ZimAsset flop: MDCs back tax boss

via ZimAsset flop: MDCs back tax boss – NewZimbabwe 28/06/2015

OPPOSITION politicians have rallied behind the country’s tax chief, backing his lament that the government – critically short of cash but still an insatiable spender – was showing shocking apathy in dealing with the country’s economic crisis.

Speaking to legislators last week, Zimbabwe Revenue Authority (Zimra) Commissioner-General, Gershem Pasi, also complained that the Zanu PF administration was displaying unmitigated myopia regarding the vendors’ crisis spawned by the economic crunch.

Spot on, said MDC Renewal leader and former finance minister, Tendai Biti. He was also supported by opposition legislator and economic commentator, Eddie Cross.

“As long as we still have that man called Robert Mugabe, this country is going nowhere; as long as we have got those clowns in Zanu PF, this country is going nowhere.

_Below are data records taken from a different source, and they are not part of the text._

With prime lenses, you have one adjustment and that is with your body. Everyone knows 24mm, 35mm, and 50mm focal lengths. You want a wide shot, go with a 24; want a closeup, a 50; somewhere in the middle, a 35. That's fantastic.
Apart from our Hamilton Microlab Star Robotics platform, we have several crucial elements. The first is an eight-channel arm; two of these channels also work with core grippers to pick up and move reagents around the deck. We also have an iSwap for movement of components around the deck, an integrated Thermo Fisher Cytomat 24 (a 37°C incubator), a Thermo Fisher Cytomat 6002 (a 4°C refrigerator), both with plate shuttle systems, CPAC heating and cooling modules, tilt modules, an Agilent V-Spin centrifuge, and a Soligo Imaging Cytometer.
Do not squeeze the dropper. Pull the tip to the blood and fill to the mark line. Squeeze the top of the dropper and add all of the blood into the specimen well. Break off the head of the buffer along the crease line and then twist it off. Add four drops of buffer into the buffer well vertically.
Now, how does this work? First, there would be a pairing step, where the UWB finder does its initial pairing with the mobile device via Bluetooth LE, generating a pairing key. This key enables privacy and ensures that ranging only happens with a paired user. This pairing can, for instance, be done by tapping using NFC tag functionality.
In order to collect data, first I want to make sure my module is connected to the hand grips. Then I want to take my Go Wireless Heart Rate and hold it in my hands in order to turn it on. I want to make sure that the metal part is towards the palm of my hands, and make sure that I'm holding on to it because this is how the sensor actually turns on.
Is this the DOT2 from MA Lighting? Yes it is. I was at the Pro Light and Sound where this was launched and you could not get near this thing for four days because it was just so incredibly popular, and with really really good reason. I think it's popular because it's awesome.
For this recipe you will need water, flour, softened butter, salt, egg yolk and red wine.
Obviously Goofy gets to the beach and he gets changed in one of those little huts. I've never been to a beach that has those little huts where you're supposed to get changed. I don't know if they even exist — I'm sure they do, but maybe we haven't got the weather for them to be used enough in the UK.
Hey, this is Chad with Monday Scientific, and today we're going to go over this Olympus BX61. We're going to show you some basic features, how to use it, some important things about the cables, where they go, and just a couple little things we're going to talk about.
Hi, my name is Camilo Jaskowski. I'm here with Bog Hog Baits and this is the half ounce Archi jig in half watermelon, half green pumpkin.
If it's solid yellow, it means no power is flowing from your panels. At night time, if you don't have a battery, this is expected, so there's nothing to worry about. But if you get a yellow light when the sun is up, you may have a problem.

So Pasi is right,” Biti told NewZimbabwe.com in an interview.

Zanu PF launched the Zimbabwe Agenda for Sustainable Socio-Economic Transformation (ZimAsset) in 2013 as part of its political campaign platform and post-vote developmental and initiative ahead of key elections it won resoundingly that year.

Requiring funding well north of $20 billion, the ambitious programme was expected to – between 2013 and 2018 – dramatically pull the country of its economic morass, in the process delivering more than two million new jobs.

But two years into President Mugabe’s latest five-year term, some two million people are estimated to be daily flooding the country’s city centres, trying to eke out a living as vendors due to the lack of formal jobs.

Ministers now hardly speak of ZimAsset as the proposed infrastructural development projects fail to take off due to lack of funding despite administration claims of mega cash deals with China.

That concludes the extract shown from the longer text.